Colaboración: El burrito de Bukowski

por © NOTICINE.com
Charles Bukowski
Por Sergio Berrocal     

Andy Warhol estaba solo, el otro genio de al lado también y todos los que pensaron alguna vez en sus vidas se quedaron como la lotería, esa que nunca te toca a ti. Y luego Charles Bukowski, que nada tenía que ver con Charles Dickens, el defensor de los pobres, del jolgorio de los papeles de Pickwick, casi el mejor escritor del mundo, pero nadie lo lee, porque lo ven en la tele o en alguna película coja.

Bukowski había pasado su vida con una sola preocupación: amar a la mujer. Por eso amaba, quería, hacía el amor, a toda la que se presentaba en su puerta de California.  No era selectivo porque, pensó una tarde de borrachera, podría asimilarse a ser xenófobo. Dicen que necesitaba sexo como otros Coca Cola. No lo creo. Necesitaba el amor que le llegaba vía unas bragas verdes deshechas en los dos primeros segundos de la entrevista. Las mujeres, no se crean, lo amaban a la locura, porque sabían que les aseguraba el placer que nadie les daba. Y ningún compromiso después de.

Bukowski era un distribuidor de amor sexual, paso primero, indispensable y definitivo, para el amor de Corín Tellado o de Gabriel García Márquez. Todo lo demás es literatura.

¿Pero quién se acuerda de Bukowski y hasta de García Márquez? Nadie. Porque ya no circula como antaño aquel indispensable Readers Digest, revista norteamericana probablemente dirigida, como casi todo en nuestro mundo civilizado, por algún apéndice del Departamento de Estado norteamericano. Era una revista que podías meterte en el bolsillo, para eso estaba estudiada, que hablaba de todo y de nada y que te daba por unos pocos centavos la impresión de que sabías leer. Te lo contaba todo y el norteamericano de bandera en la puerta, de corazón fiel, convencido siempre de ayudar siempre y nunca más al mundo, se lo tragaba. Luego se lo tragaron millones de europeos en su versión en distintas lenguas autóctonas.

Tiempo ha, dos misioneros de una religión norteamericana llegados a este fin de Europa que colinda con África teniendo como pasillo el estrecho de Gibraltar, donde dicen que estaba la Atlántida de Platón, el país maravilloso, donde no había guerras sólo peace and love.

Con sus camisitas blancas de manga corta le acorralaron como en cualquier western de Alan Ladd . Entonces, uno de ellos le propone un libro, su biblia, porque todo el mundo tiene derecho a tener su propia biblia y nadie lo sabe.

Estaba entre la pared y dos encantadores efebos convencidos de su misión, por esos los he llamado misioneros, que le hablaron en un español fluido, probablemente aprendido en una universidad cara de los USA, donde su líder había convencido al mundo de que después de todo, y después de los africanos, árabes y otros individuos, la poligamia, masculina claro, era una preciosidad.

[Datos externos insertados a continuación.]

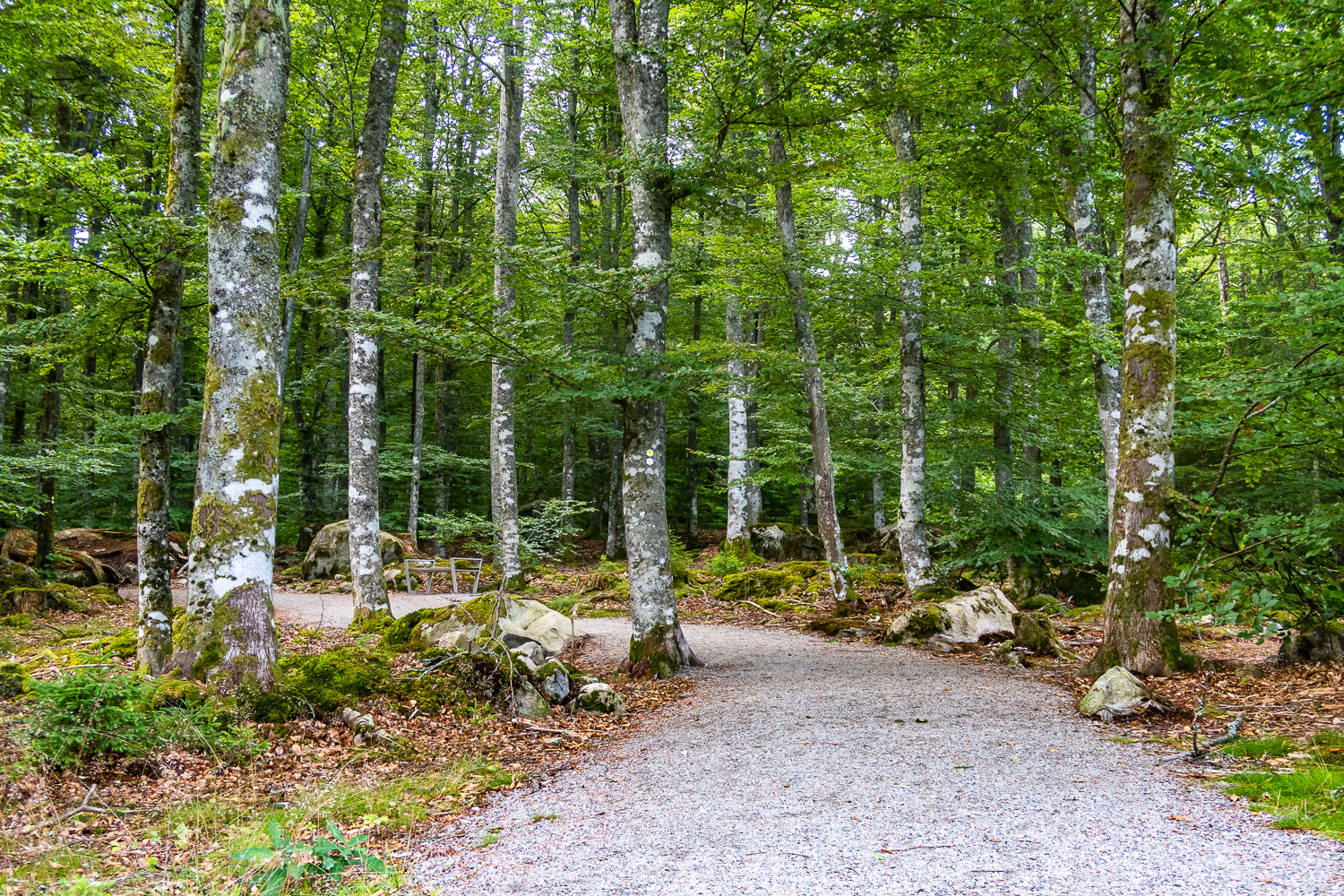 Bokskog i Åsnens nationalpark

Uno de ellos, el que mejor ortodoncia tenía, le habló largo y tendido y harto de tratar de convencerle le tendió un libro con un ruego:

-Léalo, por favor. Seguro que se convierte…

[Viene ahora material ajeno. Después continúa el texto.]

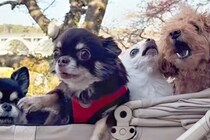 『写真を撮りたかっただけなのに…』4匹の犬をカートに入れて撮影しようとした結果→『情報量が多すぎる光景』が35万再生「渋滞してて草」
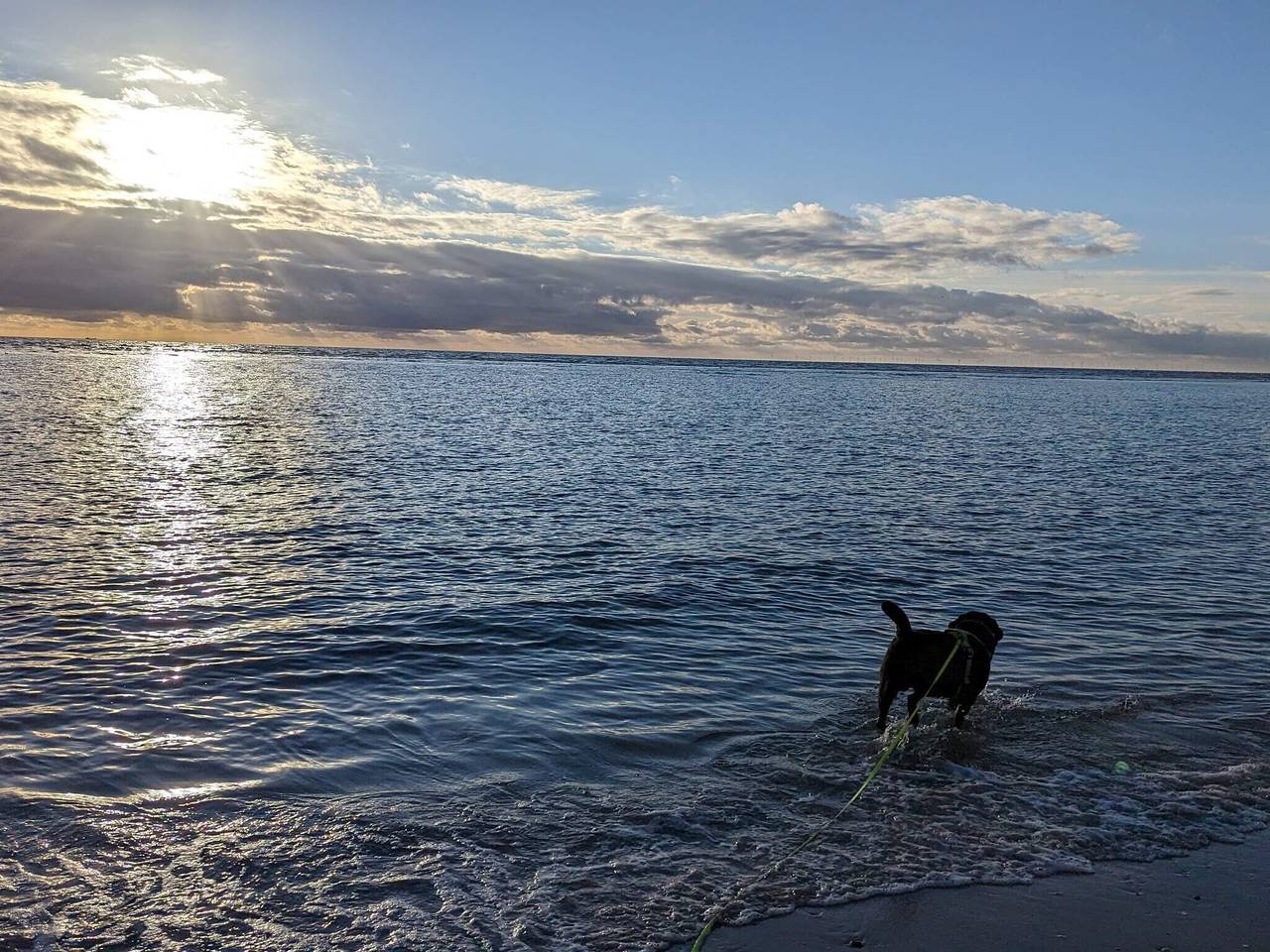 4 Personen Ferienhaus in Blåvand in Blavand, Varde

Entonces, él sacó su sonrisa más filibustera, copiada de Jonny Dep en “Los piratas”, aquella en la que el pirata venido a menos enamora y hace el amor con la hija virgen del gobernador, probablemente también mormón sin saberlo, y le contestó:

--Les agradezco mucho sus intenciones pero tengo un problema.

--El libro es gratis, cantó con esperanza el más guapo.

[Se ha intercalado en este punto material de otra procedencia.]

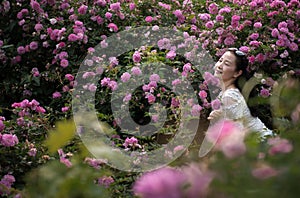 Beautiful woman in rose garden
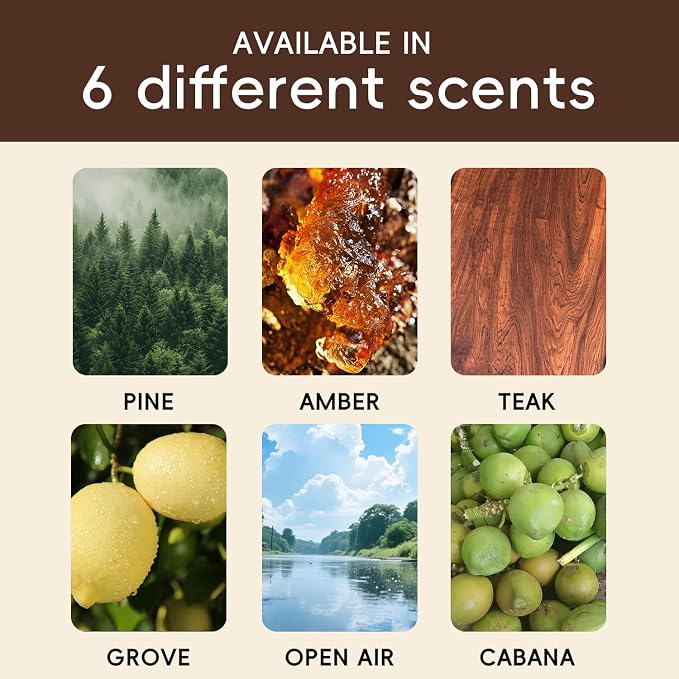 Car Air Freshener Natural Essential Oil Scent, Odor Eliminator and Purifier, Sun Visor Clip Air Freshener for Car(Starter/Amber)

--Ya, pero el problema es que yo no sé leer.

Se quedaron pasmados y huyeron por la calle que llevaba el nombre de un torero al que un toro mató de una cornada traicionera en pleno corazón, así como suena.

Cuando se vio abandonado, sin disfrute futuro de poligamia –luego se enteraría que el apóstol de aquella causa ya la había abolido—pronunció la frase más corta de su vida y a la que los jesuitas no le habían acostumbrado:

--¡Puta vida!

No servía para ser mormón y después de haber decidido que la Iglesia Católica no le convenía tampoco y haber seguido sus relaciones con Jesús por libre, volvió a repetir:

-¡Puta vida! Y se desmayó.

Uno de los misioneros le hizo el boca a boca. Se casaron y fueron felices, pero que muy felices pero sin hijos a los que aterrorizar, ya que él, el rubio, no quería oír más que de adoptar un camboyano descendiente de cuando los jemeres rojos implantaron el horror en Camboya.

Se pusieron finalmente de acuerdo y adoptaron un burrito, el más inteligente de la manada encontrada en una finca de Huelva, sur de España, que no tardó en liarse con una vaca suiza recién llegada de vacaciones de Helvetia, otrora llamada Suiza.

Fueron felices hasta el empacho y hasta acabó de aprender norteamericano de Connecticut.